BSCBA - USA 1869-1879
"In The Beginning"
Editor's Note: The Brown Swiss Cattle Breeders' Association of the USA celebrated its 125th Anniversary in 2005. To commemorate the history of the Brown Swiss breed in the USA and the 125 years of the Association, each month a review of its history was published in the Bulletin covering a 10-year period. This first review covered an 11-year period and the time from the first imports into the US up to the organization of the Association in 1880.
The Brown Swiss breed is one of the oldest of the dairy breeds in the world. It is descended from cattle used in the valleys and mountain slopes of Switzerland since before historic records began. It was here that certain breed characteristics became so firmly established that they are still evident to this day. The origins still farther back are somewhat doubtful. Some think that the breed goes back eventually to Oriental origins, having been introduced into Central Europe from the steppes and valleys of Western Asia. On the other hand, cattle bones found in the ruins of the Swiss Lake Dwellers are very similar to the bones of present-day Brown Swiss cattle. Such evidence indicates that a type of cattle apparently closely related to Brown Swiss of today existed during the Bronze Age in the area now known as Switzerland.
The Swiss nation is made up of twenty-two cantons (similar to our states). From remote time, the Canton of Schwyz had the reputation of possessing the best Brown Cattle, and thus the name Schwyz cattle, or Brown Swiss as known in America, was derived.
Swiss cattle were grazed throughout the summer at 3,000 to 8,500 feet above sea level. The unusual physical exertions and high altitude under which generation after generation of these cattle were developed has played an important part in the selection for strength and ruggedness as found in the Brown Swiss breed today.
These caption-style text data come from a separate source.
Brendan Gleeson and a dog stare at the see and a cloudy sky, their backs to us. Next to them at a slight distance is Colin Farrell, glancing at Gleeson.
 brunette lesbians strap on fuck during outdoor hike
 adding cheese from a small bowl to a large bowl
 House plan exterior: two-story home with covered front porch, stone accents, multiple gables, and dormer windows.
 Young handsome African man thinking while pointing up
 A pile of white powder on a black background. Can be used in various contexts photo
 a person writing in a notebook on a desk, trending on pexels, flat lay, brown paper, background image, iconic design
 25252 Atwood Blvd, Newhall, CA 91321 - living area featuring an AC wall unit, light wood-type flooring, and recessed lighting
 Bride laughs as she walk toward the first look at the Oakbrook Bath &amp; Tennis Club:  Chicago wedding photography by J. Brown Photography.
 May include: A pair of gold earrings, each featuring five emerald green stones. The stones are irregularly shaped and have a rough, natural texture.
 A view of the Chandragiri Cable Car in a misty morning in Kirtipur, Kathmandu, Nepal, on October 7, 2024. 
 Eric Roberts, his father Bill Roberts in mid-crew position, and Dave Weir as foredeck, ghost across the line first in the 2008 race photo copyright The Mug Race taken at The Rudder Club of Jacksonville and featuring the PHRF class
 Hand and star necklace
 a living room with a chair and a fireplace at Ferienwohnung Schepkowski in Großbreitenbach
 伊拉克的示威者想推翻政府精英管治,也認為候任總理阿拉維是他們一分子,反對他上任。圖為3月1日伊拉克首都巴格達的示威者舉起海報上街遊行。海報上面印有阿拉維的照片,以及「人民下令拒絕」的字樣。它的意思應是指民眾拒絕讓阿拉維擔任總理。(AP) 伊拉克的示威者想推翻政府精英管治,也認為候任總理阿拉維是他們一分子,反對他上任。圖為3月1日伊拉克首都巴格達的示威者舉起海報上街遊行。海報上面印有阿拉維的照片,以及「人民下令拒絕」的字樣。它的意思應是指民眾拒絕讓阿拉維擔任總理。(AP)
The first recorded Brown Swiss cattle to be introduced into American were brought in by Henry M. Clark of Belmont, Massachusetts, in the winter of 1869 and 1870. This first importation consisted of one bull and seven pregnant females. The bull, William Tell, is the Number 1 bull listed in the Brown Swiss Record, and the seven females, Zurich, Lucerne, Gretchen, Brinlie, Lissa, Christine, and Geneva, are the first seven females listed therein. All eight of these animals came from the Canton of Schwyz, Switzerland. This first shipment also included Albert Tell, imported in dam Zurich No. 1 and recorded as No. 2 bull in the Brown Swiss Record, and also a female, Verona, imported in dam Brinlie No. 4 and recorded as female No. 8.
From this first importation made by Clark, there were 251 descendants recorded before the next importation of 10 head (one bull and nine females) was made in 1882 by Messrs. George W. Harris of Wethersfield, Connecticut, and Nelson B. Scott of Worcester, Massachusetts.